They live rent free, and have a big financial estate. And by one estimate, Catherine, Duchess of Cambridge and her husband Prince William will still end up paying at least $1 million for schooling, childcare and other costs to bring their son to adulthood.
Parents in London typically pay about $368,000 to raise a child from birth to 21, according to insurer LV=, but that doesn't include the cost of private education.
Assuming William and Kate hire a nanny -- at an average salary of $54,000 a year -- and send the prince to top nurseries, preparatory schools and Eton College, they could easily rack up about $650,000 in schooling and childcare bills alone.
They're also likely to spend much more than the average $46,000 on feeding and clothing the prince over the next two decades. Just one bespoke children's suit from Savile Row tailor Gieves & Hawkes will set them back $7,000.
Security costs could also add heavily to the bill if the family regularly visit Kate's parents in the Berkshire village of Bucklebury.
But with access to several royal palaces, and use of a ten-bedroom mansion on Queen Elizabeth II's private estate in Norfolk, they should be able to save on holiday and leisure costs.

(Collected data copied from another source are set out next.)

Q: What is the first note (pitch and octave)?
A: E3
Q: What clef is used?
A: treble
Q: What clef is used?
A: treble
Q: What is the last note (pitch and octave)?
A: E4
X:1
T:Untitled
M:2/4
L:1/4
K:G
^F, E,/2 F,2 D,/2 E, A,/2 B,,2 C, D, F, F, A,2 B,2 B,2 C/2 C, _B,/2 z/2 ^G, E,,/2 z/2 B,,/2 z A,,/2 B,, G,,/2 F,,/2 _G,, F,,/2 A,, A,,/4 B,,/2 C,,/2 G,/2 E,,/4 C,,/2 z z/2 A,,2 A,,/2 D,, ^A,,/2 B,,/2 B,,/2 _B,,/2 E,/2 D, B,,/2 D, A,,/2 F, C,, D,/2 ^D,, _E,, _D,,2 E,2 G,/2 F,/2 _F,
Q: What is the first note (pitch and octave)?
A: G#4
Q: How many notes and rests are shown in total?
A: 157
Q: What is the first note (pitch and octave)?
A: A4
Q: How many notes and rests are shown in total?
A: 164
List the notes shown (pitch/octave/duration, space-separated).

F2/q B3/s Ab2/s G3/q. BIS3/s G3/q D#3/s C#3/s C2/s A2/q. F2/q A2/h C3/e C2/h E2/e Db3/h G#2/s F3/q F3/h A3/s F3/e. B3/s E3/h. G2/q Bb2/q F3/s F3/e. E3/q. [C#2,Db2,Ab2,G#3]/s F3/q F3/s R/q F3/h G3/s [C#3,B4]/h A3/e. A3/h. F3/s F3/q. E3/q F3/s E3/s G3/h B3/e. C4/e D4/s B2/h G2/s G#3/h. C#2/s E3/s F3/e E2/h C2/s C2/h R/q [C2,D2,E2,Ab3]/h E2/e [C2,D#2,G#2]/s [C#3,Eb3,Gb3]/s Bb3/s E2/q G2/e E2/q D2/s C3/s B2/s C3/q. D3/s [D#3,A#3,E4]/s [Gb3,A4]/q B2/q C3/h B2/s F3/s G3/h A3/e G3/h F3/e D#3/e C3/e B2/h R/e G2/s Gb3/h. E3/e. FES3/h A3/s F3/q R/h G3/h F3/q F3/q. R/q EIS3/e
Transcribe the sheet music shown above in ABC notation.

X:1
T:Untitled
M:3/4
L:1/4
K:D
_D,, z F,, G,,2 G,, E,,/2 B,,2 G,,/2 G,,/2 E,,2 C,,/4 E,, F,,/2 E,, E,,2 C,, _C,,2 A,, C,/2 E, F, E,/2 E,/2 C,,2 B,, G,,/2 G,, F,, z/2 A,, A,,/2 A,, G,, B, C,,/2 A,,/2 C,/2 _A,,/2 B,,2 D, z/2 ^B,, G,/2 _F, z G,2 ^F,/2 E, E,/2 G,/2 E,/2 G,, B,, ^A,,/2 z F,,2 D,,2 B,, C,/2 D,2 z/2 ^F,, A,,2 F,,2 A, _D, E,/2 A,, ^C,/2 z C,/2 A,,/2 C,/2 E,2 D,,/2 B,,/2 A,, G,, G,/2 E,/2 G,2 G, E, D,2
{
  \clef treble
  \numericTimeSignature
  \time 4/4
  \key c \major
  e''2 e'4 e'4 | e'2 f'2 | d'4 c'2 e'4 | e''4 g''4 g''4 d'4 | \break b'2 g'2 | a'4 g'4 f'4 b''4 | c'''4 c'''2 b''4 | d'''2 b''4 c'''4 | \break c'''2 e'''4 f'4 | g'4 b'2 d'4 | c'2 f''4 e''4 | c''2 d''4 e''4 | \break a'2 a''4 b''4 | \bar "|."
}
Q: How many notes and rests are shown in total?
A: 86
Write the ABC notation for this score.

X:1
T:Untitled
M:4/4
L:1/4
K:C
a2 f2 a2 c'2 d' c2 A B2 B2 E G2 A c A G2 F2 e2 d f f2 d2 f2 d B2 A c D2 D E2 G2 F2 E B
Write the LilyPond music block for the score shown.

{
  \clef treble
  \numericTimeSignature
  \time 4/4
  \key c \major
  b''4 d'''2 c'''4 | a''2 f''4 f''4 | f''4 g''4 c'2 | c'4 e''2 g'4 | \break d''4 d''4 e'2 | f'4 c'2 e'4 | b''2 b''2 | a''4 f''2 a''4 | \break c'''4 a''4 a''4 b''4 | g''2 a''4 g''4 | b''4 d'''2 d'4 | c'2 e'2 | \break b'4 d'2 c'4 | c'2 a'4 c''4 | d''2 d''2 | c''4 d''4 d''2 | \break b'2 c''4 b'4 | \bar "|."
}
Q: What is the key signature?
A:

However the royal couple choose to raise the third in line to the British throne, he will enjoy a lifestyle way beyond the son of a Royal Air Force search-and-rescue helicopter pilot, the job William is expected to give up later this year to be closer to his wife and child and take on more official duties.
Home for the family will be Apartment 1a at Kensington Palace, at the western end of London's Hyde Park.
The 21-room residence spans four floors and is currently being completely refurbished at a cost of $1.5 million, an expense met by the British taxpayer as part of an annual "Sovereign Grant" worth $55 million in 2013-14.
The grant funds the Queen's official duties as head of state as well as maintenance of royal palaces in central London, Windsor and Hampton Court.
William and Kate's expenses while on royal duties are also publicly funded, but they meet their private costs by supplementing his RAF salary of about $65,000 with income from his mother's estate and support from the Prince of Wales.
Prince Charles receives about $30 million a year from the Duchy of Cornwall, one of Britain's largest and oldest estates, created in the 14th century to generate income for future royal heirs.
Brand Finance estimates the monarchy will contribute about $2.3 billion to the British economy this year, and that the birth of the prince of Cambridge will provide a boost worth about $800 million in the long term.